Just a month ago, Barrett’s successor and current CEO Paul Otellini criticized the US government for a range of what he called anti-business approaches. And Intel cofounder Andy Grove touched off the pressure with a piece in Business Week in July, in which he tackled the issues of growth with more political savvy than did his colleagues but equal conviction.
While Grove was sensible enough to couch his plea in terms that relying on startups to innovate the US back to the center of tech universe isn’t a panacea, each of the Intel execs put the onus on the US government to fix the industry’s woes.
To be sure, government policy should be designed to promote growth, job creation and innovation while at the same time not screwing over the little guy. In fact, however, conceptualizing and executing the perfect is far from easy.
There are certain contradictions in the Intel PR campaign.

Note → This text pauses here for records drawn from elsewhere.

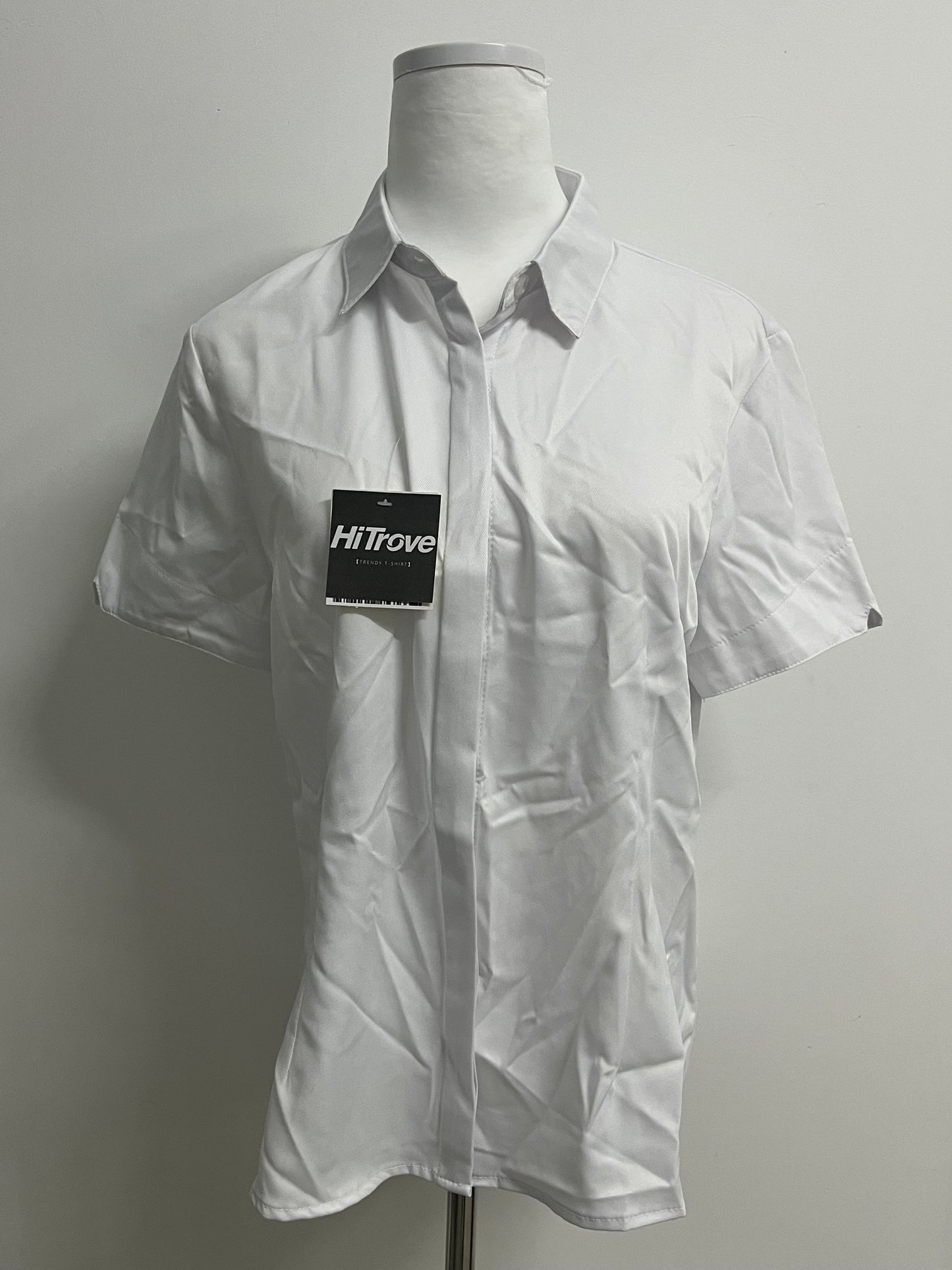HiTrove Womens Button Down Shirts Stretch Wrinkle Free Formal Short Sleeve Dress Shirt Summer Work Blouses Business Casual Tops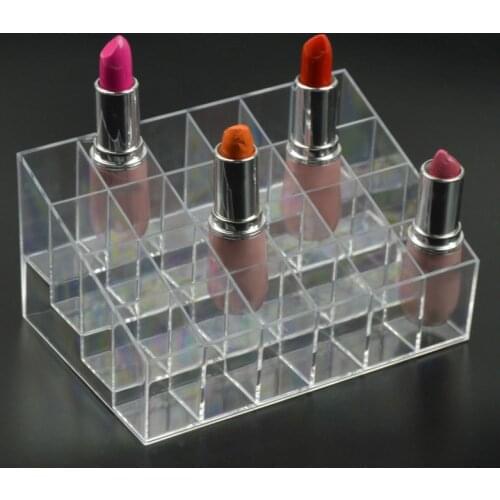 Transparent Acrylic 24 Lipstick Display Stand Case Jewelry Box Makeup Organizer Tool Cosmetic Home Storage Holder SANA889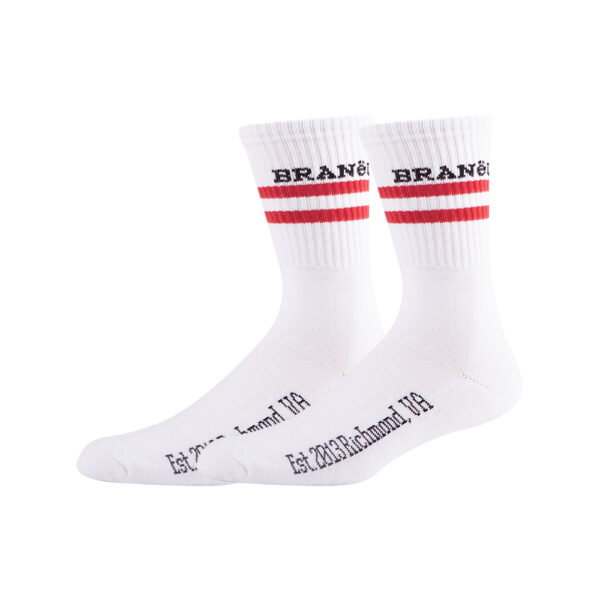 Sinoknit's stylish white crew socks feature red stripes, "BRANĞEL," and "Est. 2023 Richmond, VA." Customize your look with these branded socks!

Barrett and Otellini want government to loosen the chains, while Grove asserts the US policy of a free market penalizes domestic companies. Further, Grove’s thesis centers around creating jobs in the US, while his colleagues seem more concerned with generating greater profits for Intel (and no, the two don’t necessarily go hand-in-hand). The troika agree, however, that tax policy must change, insisting that the US corporate tax rate is the highest in the world. What this omits, of course, is that more than 67% of American businesses pay no taxes (for the record, UP Media Group isn’t one of them. Perhaps we need better accountants.)
As Forbes pointed out in May, General Electric had an 2008 effective tax rate of 5.3%, and while its 2009 pretax income was $10.3 billion it not only paid no US tax, it recorded a tax benefit of $1.1 billion! Intel’s own tax rate was about 23% last year and in 2007, and 31% in 2008.
What Intel is suggesting is intellectually dishonest, and unbecoming one of the great American tech success stories. And, not to be too cynical, but it’s impossible not to note that while Intel’s stock price is listing, plenty of its competitors seem to be doing just fine.
It’s time Intel looked inward, and stopped blaming everyone else for problems that are largely self-created.